It’s early on a Tuesday morning. A month ago at this time, I was pulling muffins out of the oven and steaming milk for lattes at the cafe where I worked for five a half years. Today, I’m reading over the recently approved statement of goals for the M.Div. program at Pittsburgh Theological Seminary in preparation for two meetings I’ll have this morning. It’s all a part of my new job.
I am excited to be taking on the challenge of coordinating the Church Planting Emphasis at Pittsburgh Theological Seminary. The seminary feels like home to me. Conversations with students and faculty bring joy to my heart. I see great potential in this program, and am both humbled and delighted to participate in something that has such power to shape the future of the Church.
But I am truly going to miss the cafe. When my co-pastor and I answered God’s call to plant The Upper Room five and a half years ago, we chose to become bivocational pastors. Like the Apostle Paul, who had a trade of making tents which at times supported his ministry, we chose to take second jobs that would both ease the financial burden of starting a new church and give us additional ways to build relationships for our ministries.

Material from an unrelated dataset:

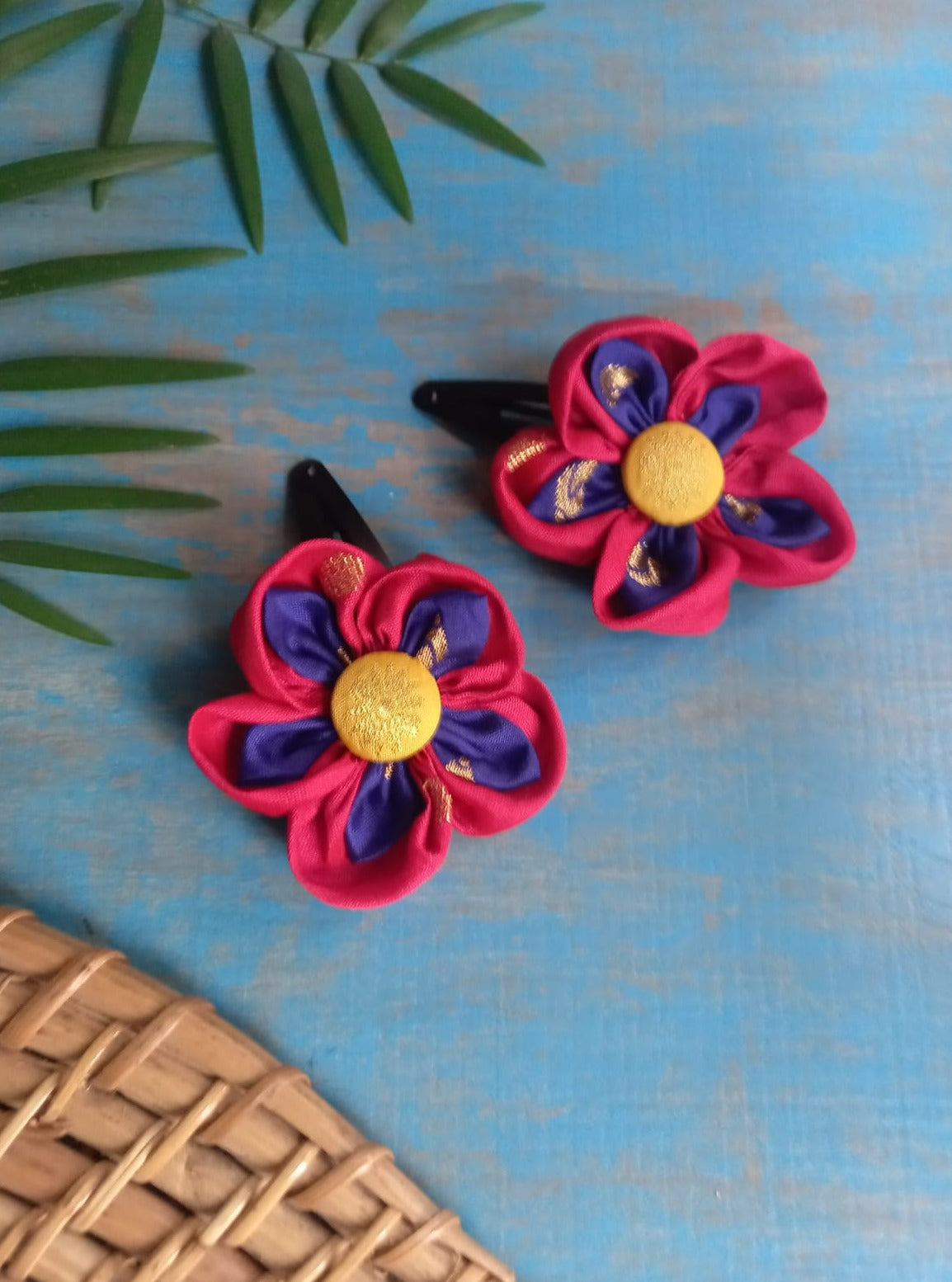 Accessories gifts fancy traditional ethnic hair accessories for kids trendy handmade hair clip fabric hair accessories hair band head band brocade handcrafted hair pin hair accessory tic-tac clips matching assorted mix n match pearl multicolour metal golden bow rubber band      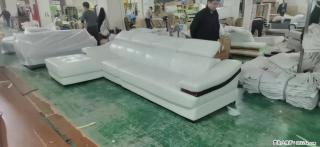 【大厂仿真皮沙发】实木框架，高回弹海绵45密度。全新包装，质量非常好，3.6米右贵妃 - 潍坊28生活网 wf.28life.com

I wanted a job in the neighborhood which would allow me to meet people I wouldn’t meet inside the walls of a typical church. The 61C and 61B Cafes gave me more opportunities to develop meaningful relationships than I could have ever imagined. Over five and a half years, these relationships became so strong that stepping back from them now brings about a genuine feeling of grief. On my last morning of work, I cried as I handed my keys back to my manager and friend Keith. Then I sobbed as I sat in my car, preparing to go directly from the cafe to the seminary.
This is week three of my work at the seminary, and it’s going quite well, but I don’t want to forget the things God showed me over my years at the cafe. So I hope to do some writing here in the coming months which will intentionally reflect on the things the Lord taught me through my work at the cafe. After my trip to Brazil next week – where PTS students and I will study how the Brazilian Presbyterian Church plants new congregations – I’ll put together a series of posts here about what my ministry at the cafe taught me about prayer, relationships, mission, and work. Especially work. It seems that many of us have under-developed theologies of work, and God used my years in the cafe to teach me much about the purpose and value of our daily labors.
Time to get ready for work. If I hurry, I might be able to grab a cup of coffee on the way.